El impacto psicológico y social de este tipo de eventos no debe subestimarse. Las familias que habitan y transitan por los alrededores de la Universidad del Valle reciben un mensaje aterrador: ningún espacio es seguro. Eso tiene consecuencias directas sobre la movilidad urbana, la asistencia a clases, el comercio local y, sobre todo, sobre la percepción de gobernabilidad. Si las autoridades no logran identificar y judicializar a los responsables con rapidez, el efecto intimidatorio se consolida y la recompensa pierde credibilidad como herramienta de disuasión.
Perspectiva para América Latina
El uso de artefactos explosivos artesanales en contextos urbanos no es exclusivo de Colombia. Países como Ecuador, que en los últimos años ha experimentado una escalada de violencia vinculada al crimen organizado transnacional, han visto situaciones similares con coches bomba y explosivos en zonas civiles. En México, El Salvador y Honduras, la utilización del terror como herramienta de control territorial por parte de grupos criminales también ha dejado víctimas civiles inocentes. Lo que ocurrió en Cali es, en ese sentido, un reflejo de una tendencia regional preocupante: la criminalidad organizada que no distingue entre combatientes y ciudadanos, y que usa la violencia indiscriminada para imponer su ley.

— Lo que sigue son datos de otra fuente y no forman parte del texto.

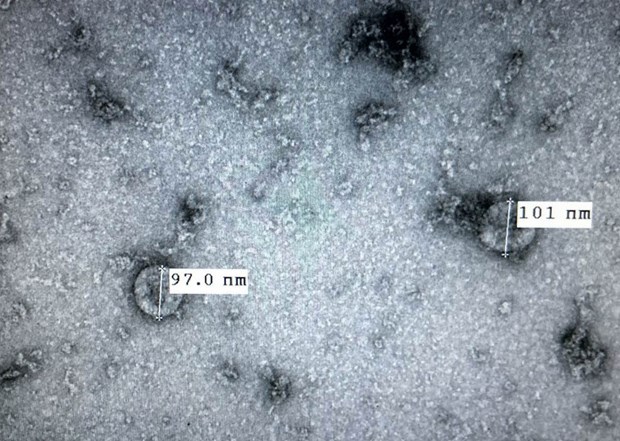 Các chủng cũ của virus corona có thể tồn tại ngoài vật chủ tới 9 ngày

Para América Latina, el caso de Cali también plantea una reflexión sobre la eficacia de las recompensas económicas como política pública de seguridad. Si bien pueden generar resultados puntuales, los expertos coinciden en que sin reformas estructurales en materia de justicia, inclusión social y desmantelamiento de economías ilegales, los incentivos monetarios tienen un alcance limitado frente a organizaciones criminales con capacidad de represalia.
Las próximas horas y días serán cruciales para determinar si la recompensa ofrecida por la Alcaldía de Cali rinde frutos. Lo que está en juego no es solo la captura de un individuo, sino la capacidad del Estado colombiano de demostrar que puede proteger a sus ciudadanos en los espacios más cotidianos. La comunidad universitaria, las familias del sector y toda la ciudad esperan resultados concretos que permitan recuperar algo de la tranquilidad perdida en esa explosión.